• **Activity**
As an exercise in exact copying, transcribe the lines below from the one holding "100 BLUFF VIEW DRIVE 308A" through the last, with both ends included and pictures left out.

START Record set

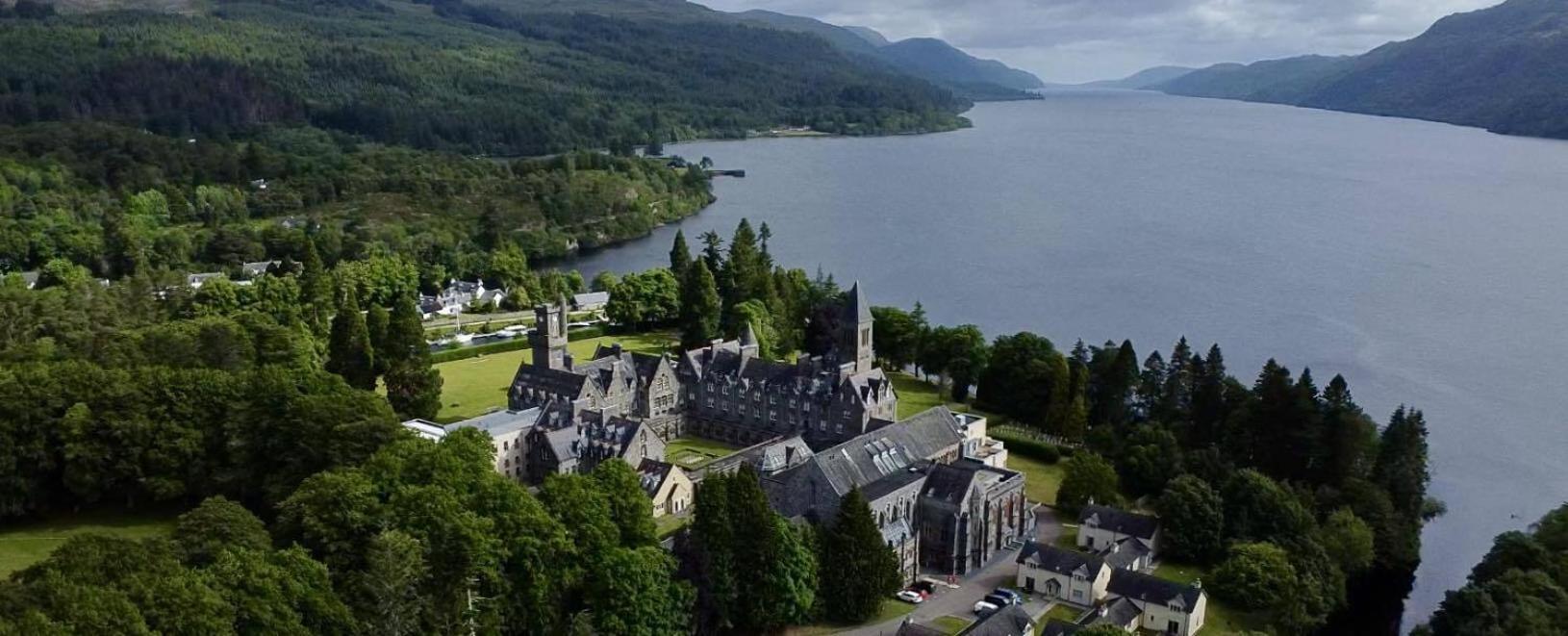 The Classrooms, Loch Ness Abbey - 142M2 Lifestyle & Heritage Apartment - Pool & Spa - The Highland Club - Resort On Lake Shores Fort Augustus Exterior foto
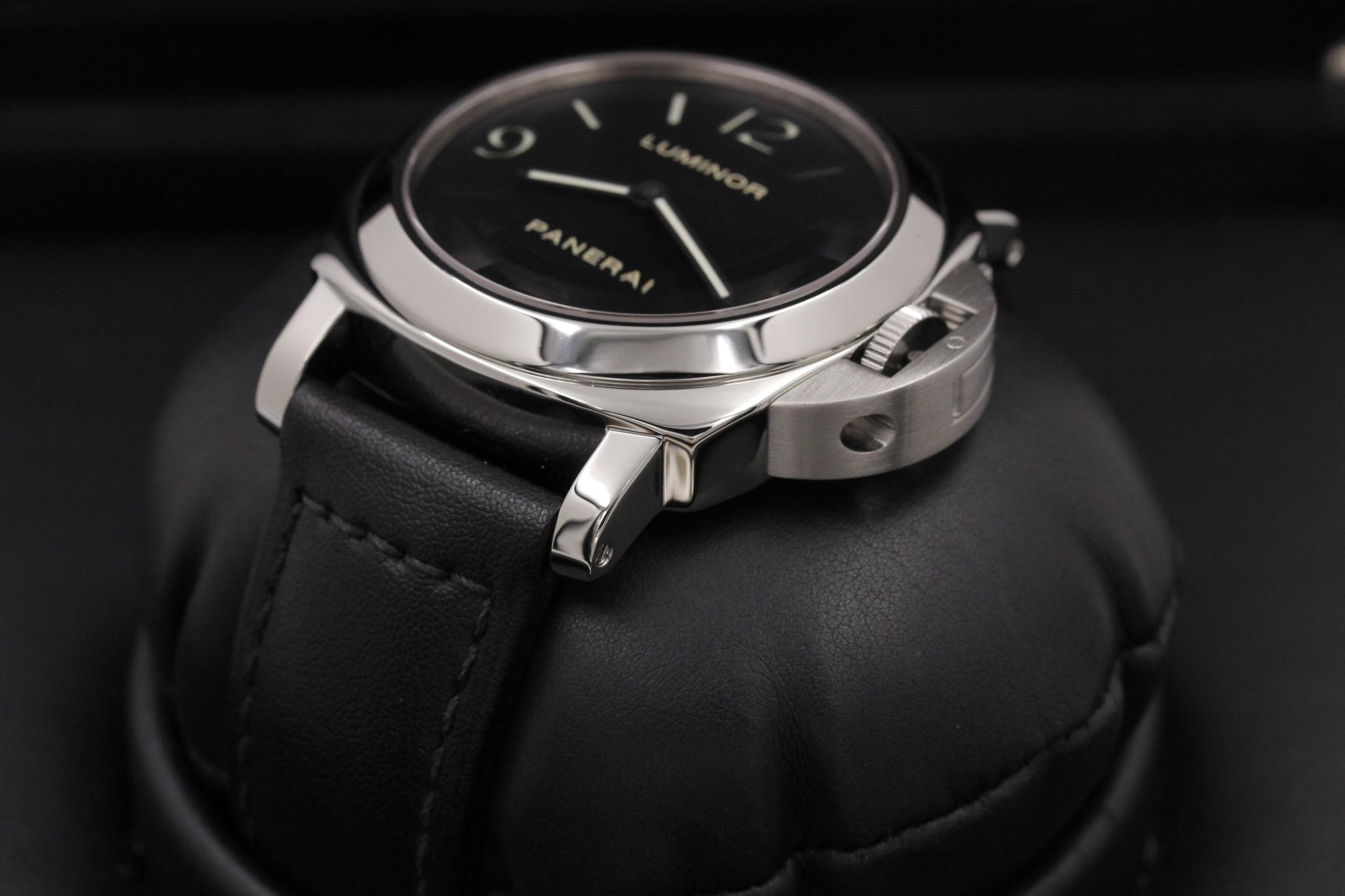 Watch Image 2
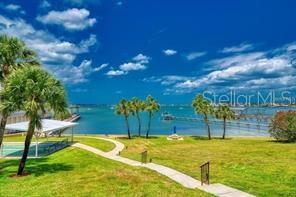 100 BLUFF VIEW DRIVE 308A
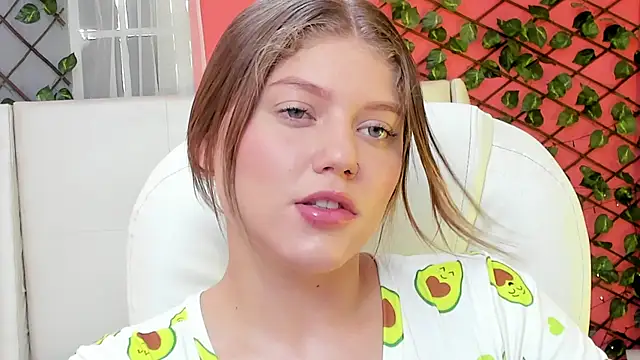 alaia greyy online show from 10, 6, 2026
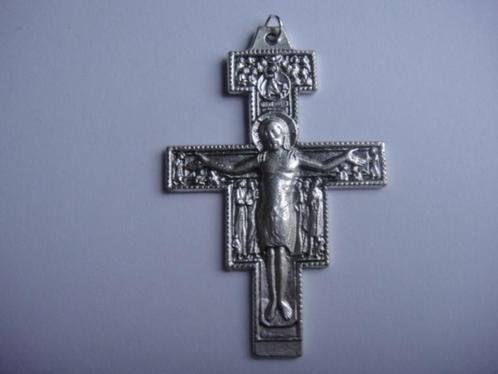 Mooi zilverkleurig Damiaan kruisje, Verzamelen, Religie, Zo goed als nieuw, Christendom | Katholiek, Overige typen, Ophalen of Verzenden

END Record set

• **Response to the task**
 100 BLUFF VIEW DRIVE 308A
 alaia greyy online show from 10, 6, 2026
 Mooi zilverkleurig Damiaan kruisje, Verzamelen, Religie, Zo goed als nieuw, Christendom | Katholiek, Overige typen, Ophalen of Verzenden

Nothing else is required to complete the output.